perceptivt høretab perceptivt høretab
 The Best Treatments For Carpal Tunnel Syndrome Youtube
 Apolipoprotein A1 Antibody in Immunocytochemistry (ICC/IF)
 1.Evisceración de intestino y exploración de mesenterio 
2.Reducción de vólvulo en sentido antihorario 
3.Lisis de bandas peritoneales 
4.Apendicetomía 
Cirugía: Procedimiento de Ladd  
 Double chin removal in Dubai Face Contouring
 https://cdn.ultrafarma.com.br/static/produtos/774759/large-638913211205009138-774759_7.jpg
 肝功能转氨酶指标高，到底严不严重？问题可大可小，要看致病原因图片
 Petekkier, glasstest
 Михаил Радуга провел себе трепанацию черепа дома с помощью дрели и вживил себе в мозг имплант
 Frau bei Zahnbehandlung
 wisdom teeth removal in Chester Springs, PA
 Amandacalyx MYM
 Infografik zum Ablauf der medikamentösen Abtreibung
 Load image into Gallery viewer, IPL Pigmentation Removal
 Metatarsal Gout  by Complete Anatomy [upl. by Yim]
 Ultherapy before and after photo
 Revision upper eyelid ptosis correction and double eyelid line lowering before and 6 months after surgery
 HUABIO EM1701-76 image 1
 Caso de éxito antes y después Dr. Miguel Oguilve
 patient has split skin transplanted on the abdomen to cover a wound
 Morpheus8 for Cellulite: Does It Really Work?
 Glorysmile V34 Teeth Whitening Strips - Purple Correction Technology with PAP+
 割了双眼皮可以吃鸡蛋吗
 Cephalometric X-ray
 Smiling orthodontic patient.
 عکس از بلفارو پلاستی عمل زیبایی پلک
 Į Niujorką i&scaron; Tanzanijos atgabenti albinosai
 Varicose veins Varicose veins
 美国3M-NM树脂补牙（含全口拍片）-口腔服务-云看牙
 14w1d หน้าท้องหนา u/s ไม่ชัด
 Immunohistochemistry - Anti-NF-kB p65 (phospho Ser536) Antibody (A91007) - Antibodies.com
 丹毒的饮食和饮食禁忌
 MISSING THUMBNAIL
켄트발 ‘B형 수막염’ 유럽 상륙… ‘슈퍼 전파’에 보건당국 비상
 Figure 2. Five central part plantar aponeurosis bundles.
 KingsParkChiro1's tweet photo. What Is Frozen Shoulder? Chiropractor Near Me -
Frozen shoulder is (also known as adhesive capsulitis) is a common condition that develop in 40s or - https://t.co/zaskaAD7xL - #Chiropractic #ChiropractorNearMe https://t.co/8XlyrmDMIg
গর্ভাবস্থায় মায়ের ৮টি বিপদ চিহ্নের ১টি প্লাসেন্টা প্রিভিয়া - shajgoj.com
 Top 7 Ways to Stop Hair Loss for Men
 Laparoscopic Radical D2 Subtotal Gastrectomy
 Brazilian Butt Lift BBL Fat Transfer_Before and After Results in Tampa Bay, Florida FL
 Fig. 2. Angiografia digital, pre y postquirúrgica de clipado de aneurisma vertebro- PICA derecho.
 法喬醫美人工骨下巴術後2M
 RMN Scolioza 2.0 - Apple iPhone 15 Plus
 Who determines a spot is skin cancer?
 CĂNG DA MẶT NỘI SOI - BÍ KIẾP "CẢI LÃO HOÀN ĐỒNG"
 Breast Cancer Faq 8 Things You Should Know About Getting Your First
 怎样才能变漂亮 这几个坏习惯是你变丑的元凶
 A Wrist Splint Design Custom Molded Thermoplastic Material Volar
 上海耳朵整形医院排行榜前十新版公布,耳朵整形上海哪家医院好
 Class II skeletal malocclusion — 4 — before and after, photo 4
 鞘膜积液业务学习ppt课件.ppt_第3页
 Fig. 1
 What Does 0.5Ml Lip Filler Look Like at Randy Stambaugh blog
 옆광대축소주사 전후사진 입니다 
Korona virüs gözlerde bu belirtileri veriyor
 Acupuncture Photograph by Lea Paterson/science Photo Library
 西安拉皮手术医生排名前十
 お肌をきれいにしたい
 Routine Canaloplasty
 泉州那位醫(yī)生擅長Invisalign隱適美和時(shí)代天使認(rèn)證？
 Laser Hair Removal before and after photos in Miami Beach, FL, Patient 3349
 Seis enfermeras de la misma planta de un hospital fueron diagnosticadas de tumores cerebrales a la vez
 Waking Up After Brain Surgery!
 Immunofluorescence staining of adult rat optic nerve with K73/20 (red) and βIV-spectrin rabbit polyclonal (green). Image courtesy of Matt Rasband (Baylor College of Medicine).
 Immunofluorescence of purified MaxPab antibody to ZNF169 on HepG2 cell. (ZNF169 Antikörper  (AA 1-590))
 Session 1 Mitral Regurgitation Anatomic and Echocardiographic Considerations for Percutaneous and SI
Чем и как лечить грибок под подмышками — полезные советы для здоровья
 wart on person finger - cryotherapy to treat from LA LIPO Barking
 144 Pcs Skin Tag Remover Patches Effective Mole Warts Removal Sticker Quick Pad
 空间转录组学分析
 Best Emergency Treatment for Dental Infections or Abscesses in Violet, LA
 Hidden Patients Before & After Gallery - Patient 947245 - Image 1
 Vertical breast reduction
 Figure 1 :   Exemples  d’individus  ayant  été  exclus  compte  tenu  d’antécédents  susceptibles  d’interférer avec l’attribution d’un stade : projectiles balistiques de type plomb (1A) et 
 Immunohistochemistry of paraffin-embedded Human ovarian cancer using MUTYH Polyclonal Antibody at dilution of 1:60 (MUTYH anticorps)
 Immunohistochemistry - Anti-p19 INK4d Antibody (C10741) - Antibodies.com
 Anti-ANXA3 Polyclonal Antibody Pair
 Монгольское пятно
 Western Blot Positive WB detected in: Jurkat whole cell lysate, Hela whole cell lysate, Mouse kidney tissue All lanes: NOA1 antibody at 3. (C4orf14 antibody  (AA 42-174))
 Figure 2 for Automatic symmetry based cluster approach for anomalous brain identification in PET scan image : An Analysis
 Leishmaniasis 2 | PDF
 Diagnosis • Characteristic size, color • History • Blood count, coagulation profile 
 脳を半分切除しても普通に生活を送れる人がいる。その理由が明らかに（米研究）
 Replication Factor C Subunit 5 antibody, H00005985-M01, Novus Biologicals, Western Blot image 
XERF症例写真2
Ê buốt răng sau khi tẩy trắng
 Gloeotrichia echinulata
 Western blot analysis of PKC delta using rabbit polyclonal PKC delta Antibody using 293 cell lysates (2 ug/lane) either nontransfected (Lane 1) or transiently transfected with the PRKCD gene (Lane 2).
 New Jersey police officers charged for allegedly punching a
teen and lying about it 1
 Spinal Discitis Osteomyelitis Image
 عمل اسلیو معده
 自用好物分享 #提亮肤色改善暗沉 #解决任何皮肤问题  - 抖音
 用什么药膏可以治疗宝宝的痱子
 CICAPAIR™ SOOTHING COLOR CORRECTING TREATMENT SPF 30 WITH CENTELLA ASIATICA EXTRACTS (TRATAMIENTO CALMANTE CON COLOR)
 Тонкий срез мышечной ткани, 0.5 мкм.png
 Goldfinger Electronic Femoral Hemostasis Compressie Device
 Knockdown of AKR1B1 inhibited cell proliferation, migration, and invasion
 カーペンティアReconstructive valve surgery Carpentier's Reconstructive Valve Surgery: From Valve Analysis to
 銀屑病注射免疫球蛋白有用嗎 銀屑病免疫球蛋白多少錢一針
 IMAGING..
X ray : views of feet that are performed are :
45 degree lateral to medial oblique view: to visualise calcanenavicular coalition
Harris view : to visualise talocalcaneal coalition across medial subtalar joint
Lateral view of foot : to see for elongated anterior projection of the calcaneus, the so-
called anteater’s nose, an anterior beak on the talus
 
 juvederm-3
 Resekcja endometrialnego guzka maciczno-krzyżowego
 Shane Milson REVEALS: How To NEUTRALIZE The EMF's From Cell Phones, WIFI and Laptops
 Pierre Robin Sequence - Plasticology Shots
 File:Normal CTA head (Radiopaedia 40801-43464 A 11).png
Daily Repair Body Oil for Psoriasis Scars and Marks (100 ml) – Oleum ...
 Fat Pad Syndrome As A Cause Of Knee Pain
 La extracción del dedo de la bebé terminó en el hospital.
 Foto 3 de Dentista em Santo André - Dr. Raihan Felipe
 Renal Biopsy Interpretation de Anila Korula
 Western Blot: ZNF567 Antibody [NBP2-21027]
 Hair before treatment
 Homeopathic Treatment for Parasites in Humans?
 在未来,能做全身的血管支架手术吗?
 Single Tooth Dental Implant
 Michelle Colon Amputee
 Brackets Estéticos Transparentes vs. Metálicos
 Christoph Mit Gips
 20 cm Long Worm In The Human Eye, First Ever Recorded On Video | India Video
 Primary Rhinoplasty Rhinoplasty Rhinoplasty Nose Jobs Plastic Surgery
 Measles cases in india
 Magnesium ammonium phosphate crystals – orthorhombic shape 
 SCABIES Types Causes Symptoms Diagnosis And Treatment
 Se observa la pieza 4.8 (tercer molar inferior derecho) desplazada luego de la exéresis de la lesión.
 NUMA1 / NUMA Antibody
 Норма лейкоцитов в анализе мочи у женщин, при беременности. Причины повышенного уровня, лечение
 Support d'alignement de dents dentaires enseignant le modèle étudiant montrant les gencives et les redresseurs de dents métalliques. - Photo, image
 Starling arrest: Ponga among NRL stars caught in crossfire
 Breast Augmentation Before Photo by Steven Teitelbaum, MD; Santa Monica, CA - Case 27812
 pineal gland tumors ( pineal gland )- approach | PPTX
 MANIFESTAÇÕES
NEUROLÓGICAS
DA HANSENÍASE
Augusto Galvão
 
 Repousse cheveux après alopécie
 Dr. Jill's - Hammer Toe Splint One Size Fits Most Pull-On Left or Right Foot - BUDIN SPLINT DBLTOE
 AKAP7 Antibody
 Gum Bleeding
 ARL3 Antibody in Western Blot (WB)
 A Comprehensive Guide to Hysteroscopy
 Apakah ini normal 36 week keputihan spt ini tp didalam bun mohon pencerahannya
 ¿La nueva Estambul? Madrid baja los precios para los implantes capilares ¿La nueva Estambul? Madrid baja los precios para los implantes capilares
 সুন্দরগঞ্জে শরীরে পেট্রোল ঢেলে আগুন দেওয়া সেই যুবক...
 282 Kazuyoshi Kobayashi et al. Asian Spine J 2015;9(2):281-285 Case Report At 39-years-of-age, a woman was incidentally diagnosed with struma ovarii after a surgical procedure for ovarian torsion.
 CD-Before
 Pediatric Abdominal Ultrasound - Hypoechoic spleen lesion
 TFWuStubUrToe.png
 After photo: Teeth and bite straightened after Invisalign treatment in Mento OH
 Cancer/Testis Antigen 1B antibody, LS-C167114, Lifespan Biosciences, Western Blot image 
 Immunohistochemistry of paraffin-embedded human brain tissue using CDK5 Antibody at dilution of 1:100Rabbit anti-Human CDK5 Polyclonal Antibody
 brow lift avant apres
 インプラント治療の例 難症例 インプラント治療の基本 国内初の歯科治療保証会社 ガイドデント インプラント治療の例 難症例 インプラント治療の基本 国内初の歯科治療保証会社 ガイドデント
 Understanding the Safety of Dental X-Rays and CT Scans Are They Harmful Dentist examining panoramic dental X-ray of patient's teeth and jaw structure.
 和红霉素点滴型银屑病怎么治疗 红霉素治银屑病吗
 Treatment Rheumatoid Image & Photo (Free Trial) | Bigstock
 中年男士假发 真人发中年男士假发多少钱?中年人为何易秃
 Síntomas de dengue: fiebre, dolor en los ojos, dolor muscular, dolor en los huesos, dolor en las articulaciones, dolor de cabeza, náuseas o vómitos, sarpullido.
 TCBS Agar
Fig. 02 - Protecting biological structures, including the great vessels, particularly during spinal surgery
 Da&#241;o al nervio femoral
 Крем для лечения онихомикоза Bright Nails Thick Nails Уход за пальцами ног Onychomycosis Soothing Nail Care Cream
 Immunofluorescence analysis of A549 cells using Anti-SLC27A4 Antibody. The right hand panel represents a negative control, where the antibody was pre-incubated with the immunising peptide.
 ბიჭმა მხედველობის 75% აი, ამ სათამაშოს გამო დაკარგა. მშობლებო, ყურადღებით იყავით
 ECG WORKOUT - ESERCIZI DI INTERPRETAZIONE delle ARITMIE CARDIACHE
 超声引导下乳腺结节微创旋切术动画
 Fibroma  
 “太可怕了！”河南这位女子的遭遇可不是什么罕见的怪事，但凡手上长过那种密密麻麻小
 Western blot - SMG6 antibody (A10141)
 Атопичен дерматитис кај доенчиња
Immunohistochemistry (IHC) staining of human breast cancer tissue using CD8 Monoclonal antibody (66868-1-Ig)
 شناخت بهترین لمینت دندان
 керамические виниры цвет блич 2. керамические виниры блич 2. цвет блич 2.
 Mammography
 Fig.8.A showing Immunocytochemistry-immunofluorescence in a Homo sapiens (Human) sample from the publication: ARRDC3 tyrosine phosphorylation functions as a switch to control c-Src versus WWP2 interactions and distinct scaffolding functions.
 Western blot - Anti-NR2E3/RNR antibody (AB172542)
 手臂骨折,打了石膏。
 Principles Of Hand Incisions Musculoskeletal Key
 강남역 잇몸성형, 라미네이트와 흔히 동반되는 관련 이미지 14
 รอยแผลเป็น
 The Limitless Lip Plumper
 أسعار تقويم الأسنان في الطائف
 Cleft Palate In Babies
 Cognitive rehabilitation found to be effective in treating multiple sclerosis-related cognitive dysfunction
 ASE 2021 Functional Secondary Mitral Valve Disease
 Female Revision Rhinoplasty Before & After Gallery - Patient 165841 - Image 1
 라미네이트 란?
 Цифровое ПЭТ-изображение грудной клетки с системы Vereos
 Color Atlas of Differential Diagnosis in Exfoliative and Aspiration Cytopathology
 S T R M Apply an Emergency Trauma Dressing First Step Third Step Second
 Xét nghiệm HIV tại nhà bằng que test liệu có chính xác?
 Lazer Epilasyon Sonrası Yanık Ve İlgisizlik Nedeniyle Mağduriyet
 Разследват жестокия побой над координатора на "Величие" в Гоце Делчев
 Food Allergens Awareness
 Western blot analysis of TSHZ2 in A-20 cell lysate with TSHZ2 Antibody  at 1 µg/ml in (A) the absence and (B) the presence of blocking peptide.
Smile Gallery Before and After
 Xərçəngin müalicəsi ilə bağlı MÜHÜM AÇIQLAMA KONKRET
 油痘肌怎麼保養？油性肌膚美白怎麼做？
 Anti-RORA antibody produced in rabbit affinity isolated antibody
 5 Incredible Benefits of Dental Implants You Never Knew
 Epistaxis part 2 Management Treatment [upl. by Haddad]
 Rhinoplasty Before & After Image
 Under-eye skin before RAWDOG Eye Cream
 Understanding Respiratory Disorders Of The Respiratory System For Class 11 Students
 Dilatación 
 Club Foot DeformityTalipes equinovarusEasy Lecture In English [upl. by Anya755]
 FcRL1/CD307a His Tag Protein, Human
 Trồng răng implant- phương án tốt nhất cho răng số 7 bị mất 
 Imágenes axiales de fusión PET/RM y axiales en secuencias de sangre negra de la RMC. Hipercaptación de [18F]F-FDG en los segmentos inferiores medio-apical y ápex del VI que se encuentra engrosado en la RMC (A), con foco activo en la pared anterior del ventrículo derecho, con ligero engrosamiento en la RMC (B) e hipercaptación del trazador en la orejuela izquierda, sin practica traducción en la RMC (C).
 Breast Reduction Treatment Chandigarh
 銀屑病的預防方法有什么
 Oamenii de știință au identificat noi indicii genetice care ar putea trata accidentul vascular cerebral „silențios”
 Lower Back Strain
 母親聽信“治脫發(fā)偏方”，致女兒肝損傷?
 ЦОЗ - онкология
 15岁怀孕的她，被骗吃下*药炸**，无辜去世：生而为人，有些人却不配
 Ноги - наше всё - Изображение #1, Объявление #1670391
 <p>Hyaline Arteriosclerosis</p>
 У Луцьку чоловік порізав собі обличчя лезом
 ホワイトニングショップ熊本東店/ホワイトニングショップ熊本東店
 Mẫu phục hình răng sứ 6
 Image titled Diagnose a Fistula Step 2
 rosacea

+--

■ YOUR INSTRUCTIONS
Your answer should be the lines above, from the line containing "Female Revision Rhinoplasty" up to and including the line containing "S T R M Apply", reproduced exactly and with nothing else.

■ FINISHED EXERCISE
 Female Revision Rhinoplasty Before & After Gallery - Patient 165841 - Image 1
 라미네이트 란?
 Цифровое ПЭТ-изображение грудной клетки с системы Vereos
 Color Atlas of Differential Diagnosis in Exfoliative and Aspiration Cytopathology
 S T R M Apply an Emergency Trauma Dressing First Step Third Step Second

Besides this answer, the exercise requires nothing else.